Investment Strategies for the Next Decade

As we enter a new decade, the time is right for many investors to step back and look at their overall financial goals as well as the structure of their investments. We also believe that this should be done in conjunction with some informed view about the expected investment environment over that period. . Using the history of the past decade, we believe the key trends that will influence the investment environment in the coming years are as follows:

The past decade was characterized by ongoing bull markets in both stocks and bonds that were fueled by the record low interest rates put in place by global central banks in the wake of the Financial Crisis. But it was also witness to the slowest economic recovery on record as those low interest rates did more to inflate financial assets than to promote economic growth. Those low interest rates are expected to stay in place for the next decade as global economic growth will remain low, inflation will remain restrained and profit growth will stay muted. However, we don’t expect to see the same kind of expansion of stock valuations that we have seen over the past decade, suggesting that stocks will only be able to rise at this expected ‘muted’ rate of profit growth.2019 returns came from valuations

  • The past decade was unusual in that growth remained low but there was no global recession, thus giving rise to the longest expansion in over 50 years. We don’t see a repeat of that in the coming decade and expect that we will see at least one major recession or two smaller, back-to-back recessions similar to what we saw in the early 1980’s; consequently, we would experience the first full-blown bear market in stocks since the Financial Crisis. That scenario would continue to support positive returns from fixed income investments, particularly government bonds, where we expect to maintain overweight positions in mid-term maturities.
  • In an environment of slower growth, low interest rates and stable stock valuations the strongest returns will come from those ‘disruptor’ companies which can maintain superior growth rates. Some of the most successful long-term growth stocks have been multi-national corporations domiciled in the U.S. market. While the great pharmaceutical, communications and media companies such as J&J and Disney have been the steadiest winners for decades, a new breed of technology companies such as Microsoft, Facebook, Alphabet and Amazon are laying the foundation for growth leadership going forward.
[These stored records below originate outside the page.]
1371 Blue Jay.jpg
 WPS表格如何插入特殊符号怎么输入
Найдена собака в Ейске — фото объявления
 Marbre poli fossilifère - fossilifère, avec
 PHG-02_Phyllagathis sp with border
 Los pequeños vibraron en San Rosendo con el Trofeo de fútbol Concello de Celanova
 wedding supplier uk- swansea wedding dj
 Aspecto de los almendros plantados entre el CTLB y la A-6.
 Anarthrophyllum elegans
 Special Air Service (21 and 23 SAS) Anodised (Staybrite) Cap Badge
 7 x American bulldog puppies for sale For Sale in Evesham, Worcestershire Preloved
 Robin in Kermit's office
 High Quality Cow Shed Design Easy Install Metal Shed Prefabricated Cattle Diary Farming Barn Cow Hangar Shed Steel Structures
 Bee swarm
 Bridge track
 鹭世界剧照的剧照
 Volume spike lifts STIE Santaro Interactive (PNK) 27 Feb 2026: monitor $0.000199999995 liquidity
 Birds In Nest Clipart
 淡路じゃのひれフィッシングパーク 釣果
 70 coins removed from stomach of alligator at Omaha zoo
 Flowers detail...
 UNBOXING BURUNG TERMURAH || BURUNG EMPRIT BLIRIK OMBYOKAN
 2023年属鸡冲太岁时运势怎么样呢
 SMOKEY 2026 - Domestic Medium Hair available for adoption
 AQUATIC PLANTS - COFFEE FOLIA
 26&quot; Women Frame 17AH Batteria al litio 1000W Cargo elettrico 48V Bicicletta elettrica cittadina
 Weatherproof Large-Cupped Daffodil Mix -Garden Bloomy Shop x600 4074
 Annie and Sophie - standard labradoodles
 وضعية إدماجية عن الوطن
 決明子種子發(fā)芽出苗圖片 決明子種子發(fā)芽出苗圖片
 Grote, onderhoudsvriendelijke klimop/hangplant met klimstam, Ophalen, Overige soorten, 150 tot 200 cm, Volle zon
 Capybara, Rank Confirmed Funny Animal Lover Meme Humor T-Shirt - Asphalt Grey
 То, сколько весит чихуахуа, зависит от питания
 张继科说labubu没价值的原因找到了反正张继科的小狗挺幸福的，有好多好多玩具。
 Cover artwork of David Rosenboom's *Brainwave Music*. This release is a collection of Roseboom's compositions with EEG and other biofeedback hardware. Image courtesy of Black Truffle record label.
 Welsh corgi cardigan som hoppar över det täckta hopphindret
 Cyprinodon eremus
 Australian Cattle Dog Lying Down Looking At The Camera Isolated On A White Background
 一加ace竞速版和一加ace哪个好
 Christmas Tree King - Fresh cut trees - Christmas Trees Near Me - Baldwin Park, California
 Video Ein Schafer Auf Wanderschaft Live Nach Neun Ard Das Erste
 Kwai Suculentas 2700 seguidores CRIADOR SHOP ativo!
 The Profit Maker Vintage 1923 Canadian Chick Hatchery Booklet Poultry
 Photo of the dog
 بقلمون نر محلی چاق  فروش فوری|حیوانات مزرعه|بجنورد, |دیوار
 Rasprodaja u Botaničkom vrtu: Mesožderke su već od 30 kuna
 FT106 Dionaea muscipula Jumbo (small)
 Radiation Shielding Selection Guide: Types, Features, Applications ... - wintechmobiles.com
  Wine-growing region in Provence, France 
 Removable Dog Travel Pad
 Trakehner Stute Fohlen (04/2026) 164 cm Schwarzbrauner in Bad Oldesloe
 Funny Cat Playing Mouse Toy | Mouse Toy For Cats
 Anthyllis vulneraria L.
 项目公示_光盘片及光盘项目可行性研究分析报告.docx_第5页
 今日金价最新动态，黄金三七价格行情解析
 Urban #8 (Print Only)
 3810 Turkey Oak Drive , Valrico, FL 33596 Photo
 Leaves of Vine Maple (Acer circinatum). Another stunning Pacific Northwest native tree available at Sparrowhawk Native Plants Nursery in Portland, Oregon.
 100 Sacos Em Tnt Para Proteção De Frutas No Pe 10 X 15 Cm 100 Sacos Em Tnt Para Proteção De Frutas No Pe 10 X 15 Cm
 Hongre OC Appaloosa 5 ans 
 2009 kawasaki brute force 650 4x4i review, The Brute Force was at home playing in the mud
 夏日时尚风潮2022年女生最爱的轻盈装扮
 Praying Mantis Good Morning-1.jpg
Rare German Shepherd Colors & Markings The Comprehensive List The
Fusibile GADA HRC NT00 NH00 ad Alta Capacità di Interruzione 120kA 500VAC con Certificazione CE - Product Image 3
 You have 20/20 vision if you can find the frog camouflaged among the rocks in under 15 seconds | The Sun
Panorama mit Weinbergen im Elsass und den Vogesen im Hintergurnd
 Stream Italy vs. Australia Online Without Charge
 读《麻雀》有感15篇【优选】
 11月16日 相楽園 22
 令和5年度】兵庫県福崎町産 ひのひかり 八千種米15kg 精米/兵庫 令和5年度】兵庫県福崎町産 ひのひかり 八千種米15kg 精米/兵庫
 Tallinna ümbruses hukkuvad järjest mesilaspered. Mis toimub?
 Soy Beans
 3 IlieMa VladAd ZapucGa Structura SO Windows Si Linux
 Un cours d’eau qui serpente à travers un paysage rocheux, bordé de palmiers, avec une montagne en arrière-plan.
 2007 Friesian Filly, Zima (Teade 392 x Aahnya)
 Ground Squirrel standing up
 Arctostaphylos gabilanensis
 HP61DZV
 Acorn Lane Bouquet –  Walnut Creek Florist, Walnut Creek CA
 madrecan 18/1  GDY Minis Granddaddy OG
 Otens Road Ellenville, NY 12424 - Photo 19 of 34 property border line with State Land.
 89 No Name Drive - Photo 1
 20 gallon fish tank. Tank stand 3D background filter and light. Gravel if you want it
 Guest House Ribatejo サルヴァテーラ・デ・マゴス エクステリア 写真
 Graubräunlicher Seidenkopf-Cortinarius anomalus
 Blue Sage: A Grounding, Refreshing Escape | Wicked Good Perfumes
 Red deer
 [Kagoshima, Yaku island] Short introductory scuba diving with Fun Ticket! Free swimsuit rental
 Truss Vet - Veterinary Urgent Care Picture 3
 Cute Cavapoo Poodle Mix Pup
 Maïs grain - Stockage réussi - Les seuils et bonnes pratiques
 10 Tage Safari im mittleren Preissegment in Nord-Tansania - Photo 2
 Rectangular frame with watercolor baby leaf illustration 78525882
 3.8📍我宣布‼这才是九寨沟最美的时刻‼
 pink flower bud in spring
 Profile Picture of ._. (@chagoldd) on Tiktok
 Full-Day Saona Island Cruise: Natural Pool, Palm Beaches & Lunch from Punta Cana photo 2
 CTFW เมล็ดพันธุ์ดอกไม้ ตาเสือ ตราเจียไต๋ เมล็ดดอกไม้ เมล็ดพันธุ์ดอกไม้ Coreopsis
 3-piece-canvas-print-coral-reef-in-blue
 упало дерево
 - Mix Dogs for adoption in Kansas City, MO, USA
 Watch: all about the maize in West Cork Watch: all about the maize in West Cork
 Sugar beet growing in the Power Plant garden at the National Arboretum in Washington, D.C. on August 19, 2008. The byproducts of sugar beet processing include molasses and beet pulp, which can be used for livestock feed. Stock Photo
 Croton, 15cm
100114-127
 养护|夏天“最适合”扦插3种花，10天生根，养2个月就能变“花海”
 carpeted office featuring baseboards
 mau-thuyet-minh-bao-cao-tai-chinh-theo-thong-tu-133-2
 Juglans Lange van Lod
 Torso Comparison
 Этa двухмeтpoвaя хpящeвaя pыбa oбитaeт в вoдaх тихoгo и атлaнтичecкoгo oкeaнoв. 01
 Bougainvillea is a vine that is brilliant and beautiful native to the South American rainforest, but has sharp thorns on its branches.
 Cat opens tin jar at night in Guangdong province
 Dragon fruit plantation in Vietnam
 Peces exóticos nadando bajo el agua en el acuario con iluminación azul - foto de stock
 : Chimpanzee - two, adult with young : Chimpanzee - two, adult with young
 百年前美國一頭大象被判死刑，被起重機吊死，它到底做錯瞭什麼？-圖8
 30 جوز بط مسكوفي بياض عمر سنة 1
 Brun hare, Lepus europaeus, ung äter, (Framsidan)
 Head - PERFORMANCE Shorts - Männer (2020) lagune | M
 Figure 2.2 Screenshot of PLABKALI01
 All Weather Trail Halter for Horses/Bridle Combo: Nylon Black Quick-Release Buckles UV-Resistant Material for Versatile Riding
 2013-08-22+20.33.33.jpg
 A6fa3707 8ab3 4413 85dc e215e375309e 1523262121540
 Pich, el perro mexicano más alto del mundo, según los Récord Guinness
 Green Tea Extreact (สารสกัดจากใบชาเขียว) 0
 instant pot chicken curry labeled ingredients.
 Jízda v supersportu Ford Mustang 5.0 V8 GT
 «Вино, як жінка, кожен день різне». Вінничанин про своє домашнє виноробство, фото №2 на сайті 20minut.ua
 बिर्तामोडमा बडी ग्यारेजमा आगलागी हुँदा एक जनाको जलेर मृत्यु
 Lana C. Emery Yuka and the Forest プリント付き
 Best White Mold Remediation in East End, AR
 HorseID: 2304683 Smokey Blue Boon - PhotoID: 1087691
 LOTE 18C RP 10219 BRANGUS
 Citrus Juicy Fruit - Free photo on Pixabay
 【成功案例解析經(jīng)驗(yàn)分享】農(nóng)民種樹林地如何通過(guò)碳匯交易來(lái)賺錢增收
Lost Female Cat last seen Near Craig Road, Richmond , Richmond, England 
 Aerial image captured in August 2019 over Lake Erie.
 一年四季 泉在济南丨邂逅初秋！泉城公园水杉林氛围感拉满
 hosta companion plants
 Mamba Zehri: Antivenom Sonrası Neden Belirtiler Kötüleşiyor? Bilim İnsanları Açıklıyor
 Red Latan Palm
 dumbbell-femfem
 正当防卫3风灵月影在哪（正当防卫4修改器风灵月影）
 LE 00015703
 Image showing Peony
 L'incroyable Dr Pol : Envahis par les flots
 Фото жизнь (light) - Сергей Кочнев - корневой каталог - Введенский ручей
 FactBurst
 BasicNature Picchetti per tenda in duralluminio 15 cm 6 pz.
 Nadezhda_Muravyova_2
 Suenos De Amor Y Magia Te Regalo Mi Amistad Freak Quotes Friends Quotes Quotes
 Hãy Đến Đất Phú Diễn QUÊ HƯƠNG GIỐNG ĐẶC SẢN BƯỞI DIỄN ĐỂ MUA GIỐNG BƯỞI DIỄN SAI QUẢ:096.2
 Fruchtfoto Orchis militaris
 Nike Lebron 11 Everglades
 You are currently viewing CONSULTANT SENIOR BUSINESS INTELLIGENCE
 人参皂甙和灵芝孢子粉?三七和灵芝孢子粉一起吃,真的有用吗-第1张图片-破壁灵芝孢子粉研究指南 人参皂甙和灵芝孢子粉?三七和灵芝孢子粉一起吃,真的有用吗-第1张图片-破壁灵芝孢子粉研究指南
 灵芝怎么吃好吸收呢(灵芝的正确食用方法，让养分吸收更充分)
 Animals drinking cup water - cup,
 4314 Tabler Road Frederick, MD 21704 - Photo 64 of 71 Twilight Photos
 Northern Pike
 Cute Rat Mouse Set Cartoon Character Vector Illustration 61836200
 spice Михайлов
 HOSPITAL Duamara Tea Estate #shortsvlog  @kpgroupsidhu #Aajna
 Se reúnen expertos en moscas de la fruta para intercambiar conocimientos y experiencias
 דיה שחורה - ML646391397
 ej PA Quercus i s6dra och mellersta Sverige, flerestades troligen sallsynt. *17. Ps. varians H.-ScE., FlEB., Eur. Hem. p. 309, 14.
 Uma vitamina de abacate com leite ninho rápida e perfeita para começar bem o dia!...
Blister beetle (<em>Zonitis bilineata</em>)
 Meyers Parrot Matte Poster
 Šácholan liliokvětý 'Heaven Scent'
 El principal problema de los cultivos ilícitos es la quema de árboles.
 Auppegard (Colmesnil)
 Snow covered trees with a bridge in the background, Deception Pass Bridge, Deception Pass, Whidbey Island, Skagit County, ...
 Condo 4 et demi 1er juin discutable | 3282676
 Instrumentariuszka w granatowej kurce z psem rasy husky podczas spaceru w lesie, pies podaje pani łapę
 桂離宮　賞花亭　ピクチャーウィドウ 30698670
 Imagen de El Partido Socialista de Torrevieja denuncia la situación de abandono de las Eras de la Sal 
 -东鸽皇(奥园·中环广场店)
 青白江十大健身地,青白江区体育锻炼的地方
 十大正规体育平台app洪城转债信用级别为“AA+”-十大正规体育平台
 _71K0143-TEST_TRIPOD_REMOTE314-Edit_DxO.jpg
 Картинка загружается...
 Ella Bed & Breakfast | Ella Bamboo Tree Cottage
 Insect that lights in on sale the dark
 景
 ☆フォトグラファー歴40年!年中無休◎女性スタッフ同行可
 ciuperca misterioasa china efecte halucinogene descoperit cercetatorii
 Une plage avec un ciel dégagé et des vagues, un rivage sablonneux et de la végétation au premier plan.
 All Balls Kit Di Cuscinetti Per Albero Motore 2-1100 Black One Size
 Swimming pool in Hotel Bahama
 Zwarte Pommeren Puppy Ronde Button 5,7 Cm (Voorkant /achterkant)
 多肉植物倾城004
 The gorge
These are the types of growth stocks that we expect to maintain leadership in global stock markets.
  • Global debt has sky-rocketed in the past decade to a record level of over US$250 trillion! Servicing this debt will necessitate continued low interest rates but any remote ability to reduce this debt burden would require a global depreciation of the paper currencies of the most indebted nations, particularly the U.S. and China. By default, gold would have to rise in such an environment. With gold stocks at multi-decade low valuations, we advocate a 4-5% weighting in gold equities as a hedge in any balanced portfolio.
  • Cash in a savings or money market account does not earn more in interest than the current rate of inflation such that investors would continue to lose purchasing power over time by holding substantial cash positions. We advocate other asset classes that can generate positive real returns with limited downside risk.